* PROVIDED DATA *
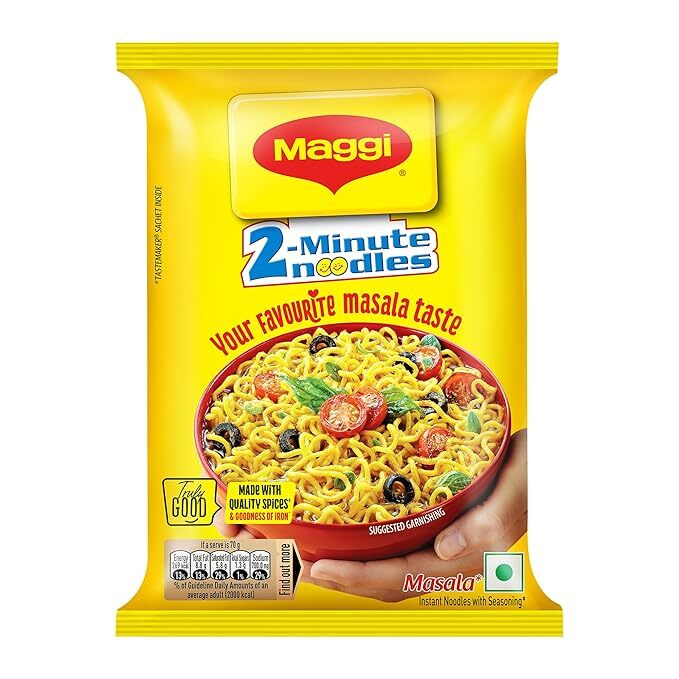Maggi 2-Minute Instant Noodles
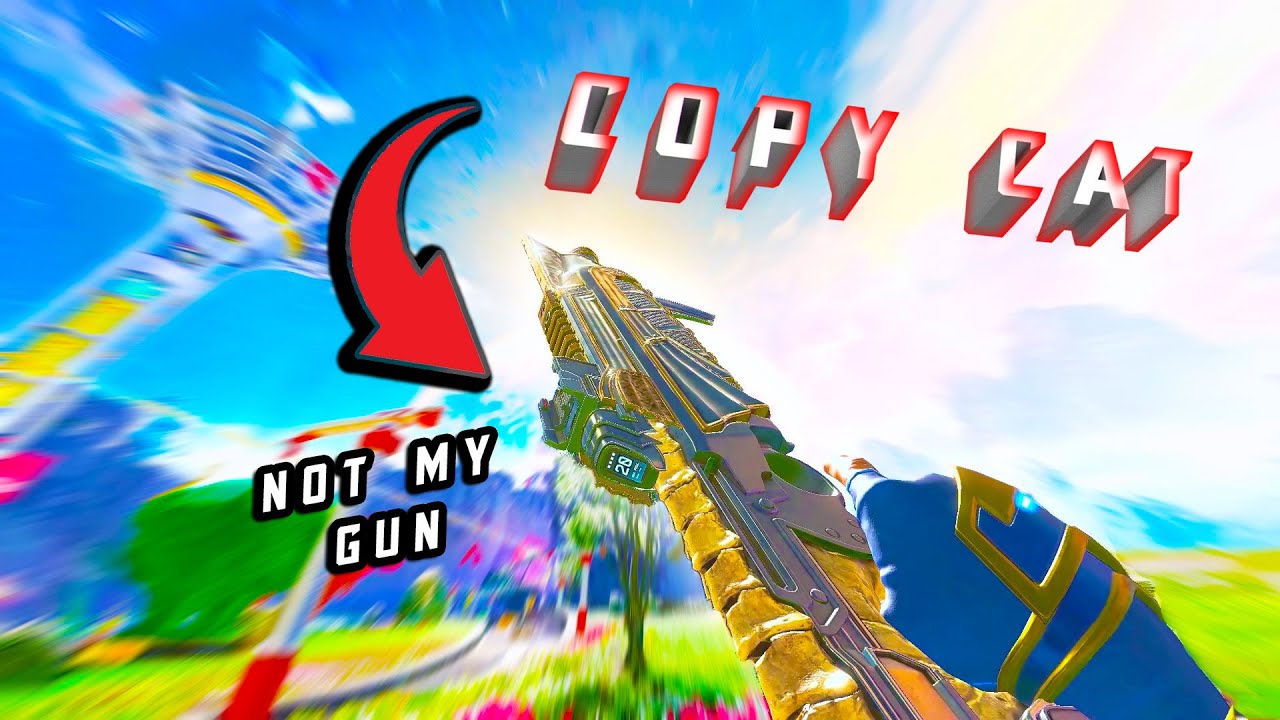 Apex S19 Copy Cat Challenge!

==

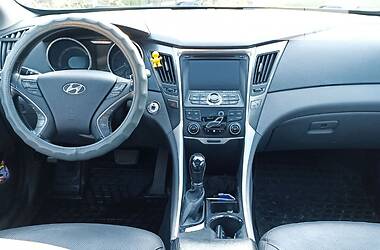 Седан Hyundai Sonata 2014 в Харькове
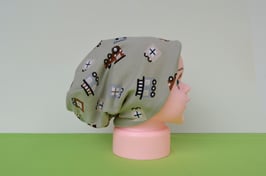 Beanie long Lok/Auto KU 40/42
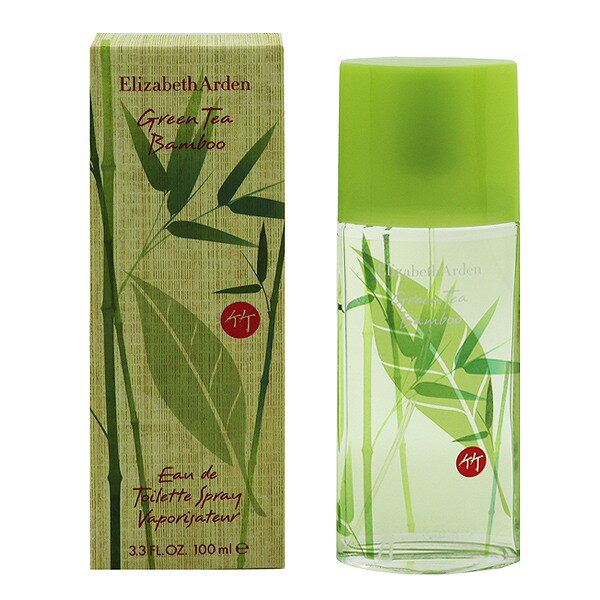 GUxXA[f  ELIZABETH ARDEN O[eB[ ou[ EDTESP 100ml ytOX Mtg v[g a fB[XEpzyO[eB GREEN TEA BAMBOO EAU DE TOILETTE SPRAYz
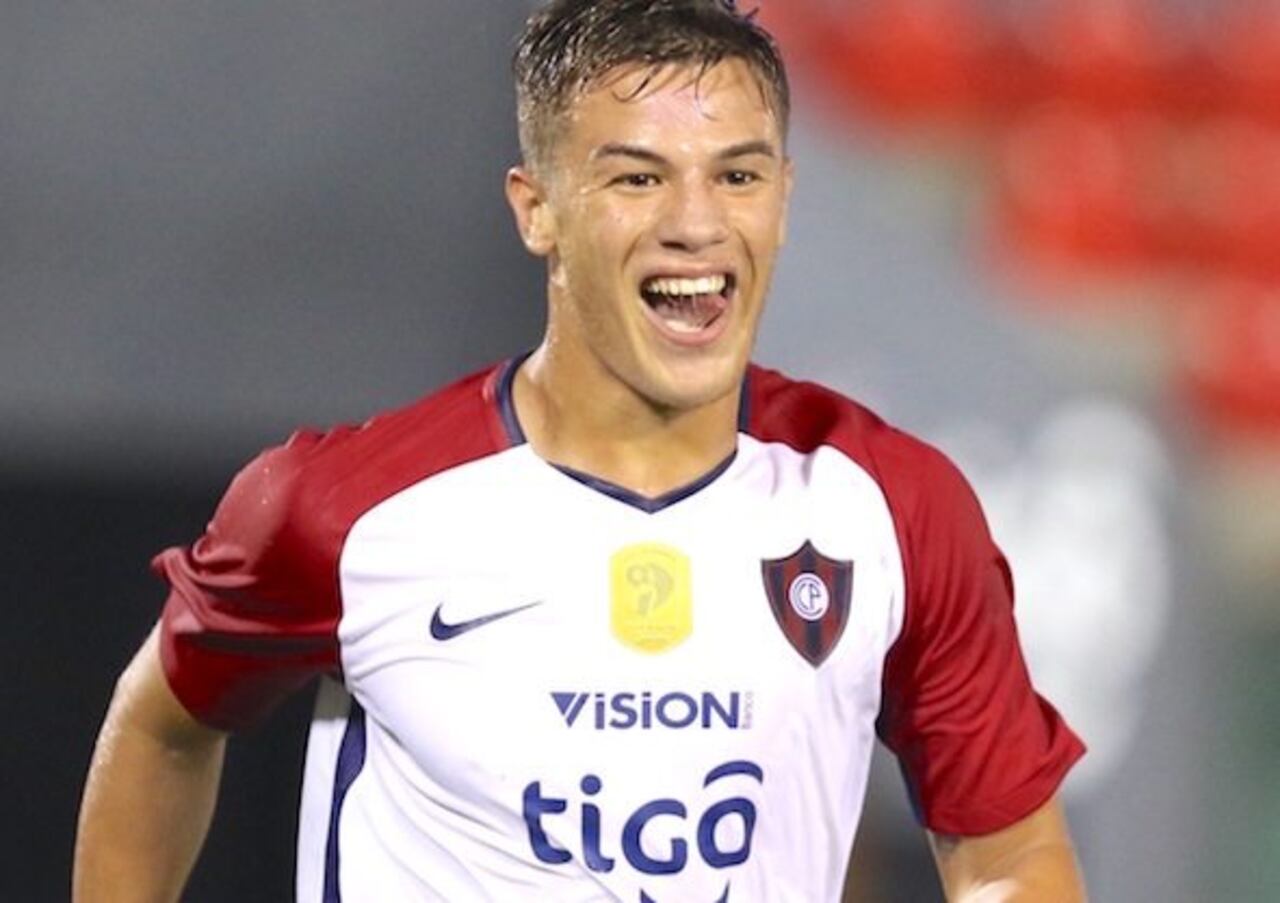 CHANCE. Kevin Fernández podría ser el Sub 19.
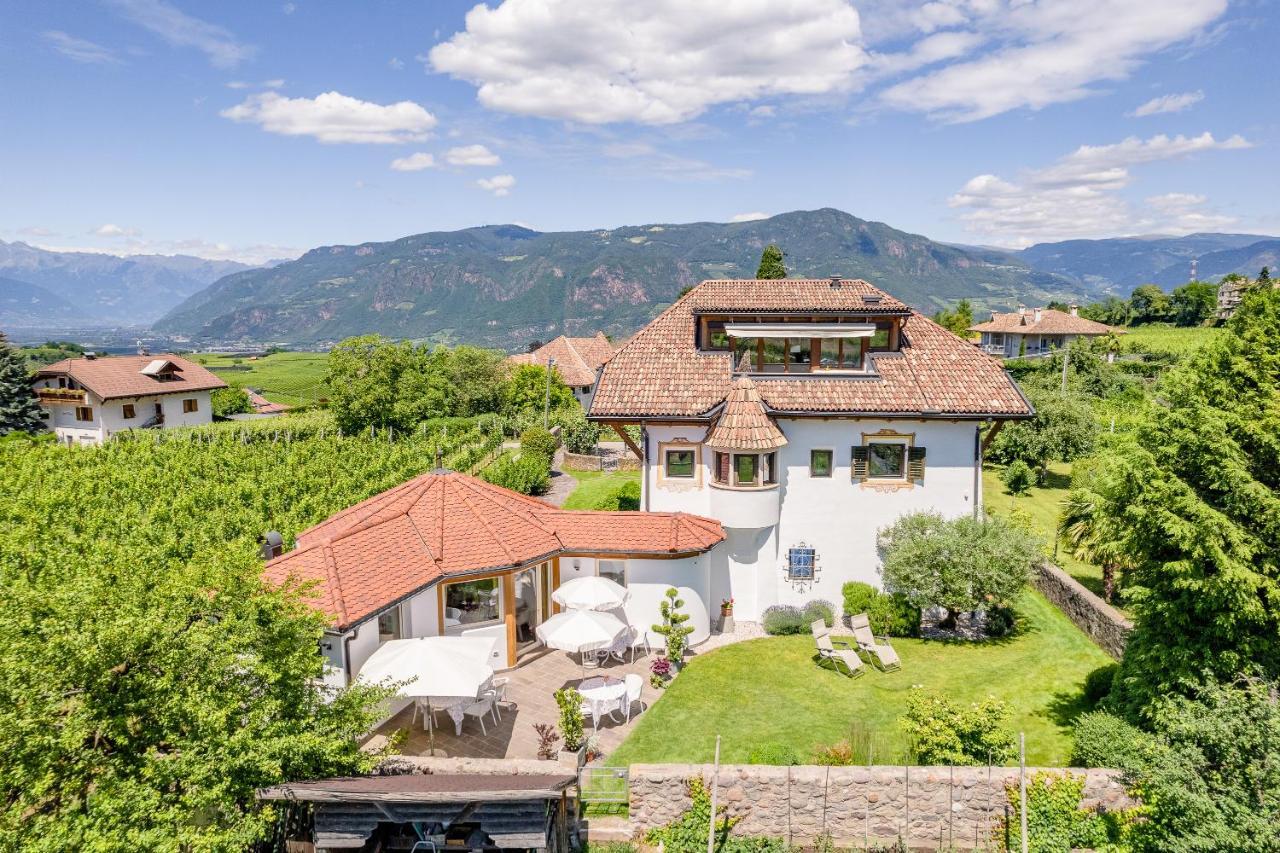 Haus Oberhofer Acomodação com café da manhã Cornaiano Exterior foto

--

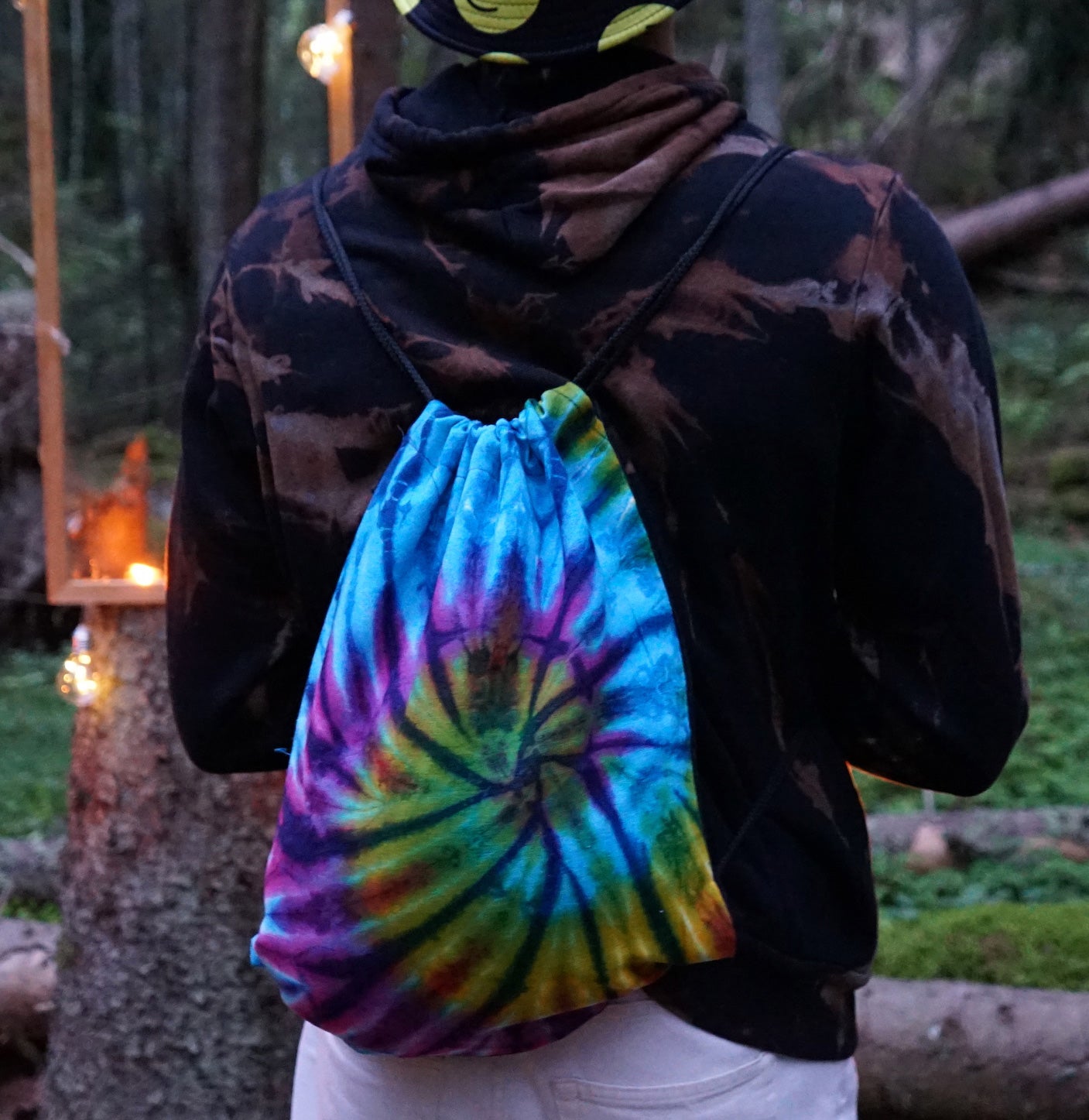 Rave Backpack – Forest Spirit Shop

* TASK TO COMPLETE *
Reproduce the listing above from the line that holds "Maggi 2-Minute Instant Noodles" through the line that holds "Apex S19 Copy Cat Challenge!", both included, with the pictures left out.

* TASK RESPONSE *
Maggi 2-Minute Instant Noodles
 Apex S19 Copy Cat Challenge!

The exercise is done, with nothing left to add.